One important property of the entropy is the following: The entropy of an ensemble $X$ is biggest if all the outcomes have equal probabilitiy $p_i=1/|\mathcal{A}_X|$. In other words: The outcome of a random experiment is guaranteed to be most informative if the probability distribution over outcomes is uniform.

### Example: Customer support ticket categories

We want to get a better intuition of what this property means. Let us assume that a support team receives tickets in 4 categories:
* Billing
* Technical issue
* Account access
* Cancellation

If one category happens almost all the time, then each new ticket tells you little (low entropy). If all 4 categories are equally likely, each new ticket is more surprising/informative (high entropy).

Let us start by comparing the entropy of different examples of probability distributions:

In [None]:
import numpy as np
import matplotlib.pyplot as plt

from entropy_lab.measures.entropy import compute_entropy

labels = ["Billing", "Tech", "Access", "Cancel"]

distributions = {
    "Very skewed": np.array([0.85, 0.10, 0.03, 0.02]),
    "Moderately skewed": np.array([0.55, 0.20, 0.15, 0.10]),
    "Almost balanced": np.array([0.30, 0.25, 0.25, 0.20]),
    "Uniform (max entropy)": np.array([0.25, 0.25, 0.25, 0.25])
}

for name, p in distributions.items():
    H = compute_entropy(p)
    print(f"{name:22s} -> H = {H:.4f} bits")

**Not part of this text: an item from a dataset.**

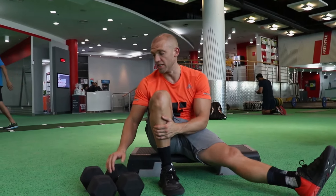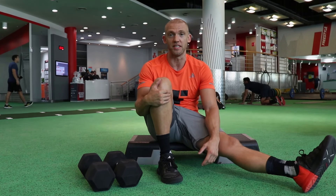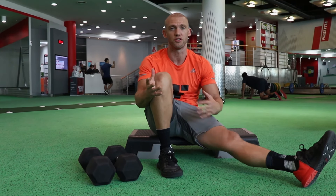For today's workout one, you're gonna need a set of dumbbells and a step. The weights will vary depending on your capability. You've got an advanced weight option and then obviously an intermediate weight option just to support your capability.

As expected, we can observe that:
1. Entropy increases as the distribution becomes more balanced.
2. The uniform case gives the highest entropy.
   
We can visualize this property by generating a plot that moves gradually from a peaked distribution to a uniform one:

In [None]:
import numpy as np 
import matplotlib.pyplot as plt 

from entropy_lab.measures.entropy import compute_entropy

p_skewed = np.array([0.85, 0.10, 0.03, 0.02])
p_uniform = np.array([0.25, 0.25, 0.25, 0.25])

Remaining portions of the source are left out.